İlk darbe girişiminde, Bolivarcı Ulusal İstihbarat Servisi (SEBIN), Maduro’ya ihanet etmişti.
Ülkede dışa bağımlılık da arttı, siyaset kırılgan bir hal aldı.
ABD ve Avrupa, açıkça Venezuela ordusuna çağrı yapmaktan, Maduro’ya “Git” demekten çekinmiyor.
Ancak ABD ve destekçisi Latin Amerika ülkeleri, askeri bir müdahaleye de sıcak bakmıyor.
Çünkü bu marjinal grupların güçlenmesi, uyuşturucu ticaretinin kontrolden çıkması ve göç dalgasının hepten artmasına sebep olabilir.

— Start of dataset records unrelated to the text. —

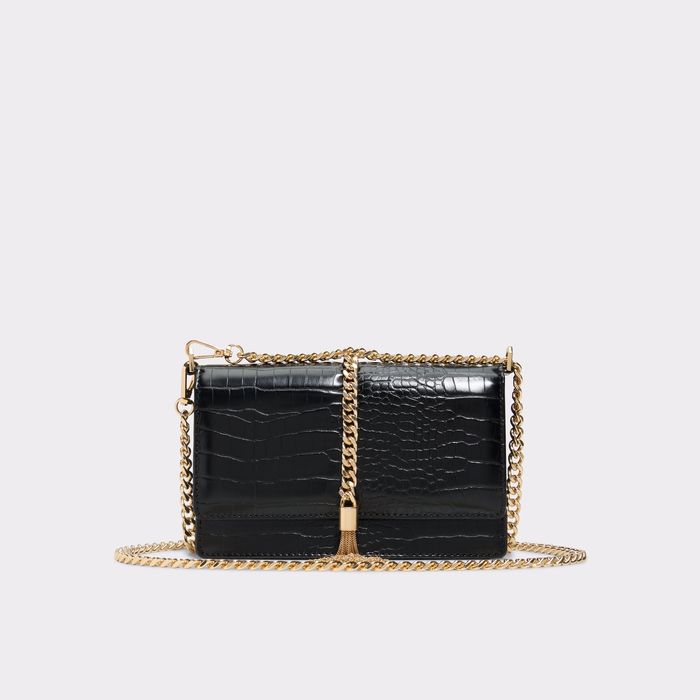 Bandolera en negro - LILITHA
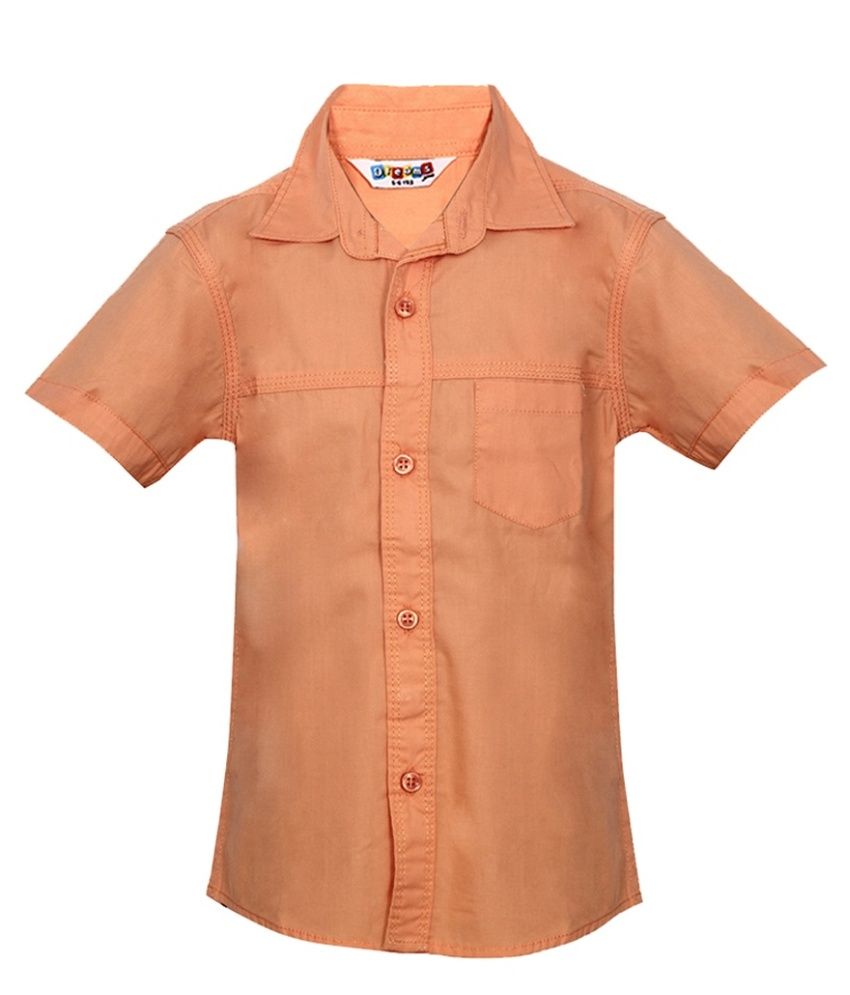 cotton on orange shirt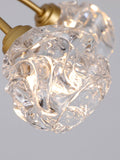 Searchlight Gold 5 light flush ceiling light (British brand)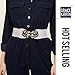 GRACE KARIN White Waist Belt Wide Elastic Belt for Women fashion Size M, White (CL0413-2)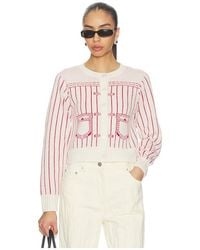 KENZO - Trompe 'Oeil Cardigan - Lyst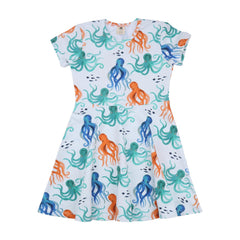 Funny Octopuses - Baumwolle (Bio)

Bu da ABD’nin arka bahçesinin Irak, Libya, Suriye gibi Orta Doğu ülkelerinin yaşadığı siyasi krizlerle baş başa kalması demek.
Rusya ve Türkiye’nin ise, Maduro’ya açık desteği var.
Venezuela’daki gelişmelerin, Türkiye, ABD ve Rusya liderlerinin katılacağı Japonya’daki G20 Liderler Zirvesi’nde gündeme gelmesi de sürpriz olmayacaktır.
Diploması başarısız olursa, Venezuela ordusu içindeki çözülmenin de hızlanması bekleniyor.
Bu da ülke içinde bir grubun Maduro’ya darbe yapması ve iç savaş senaryolarını beraberinde getiriyor.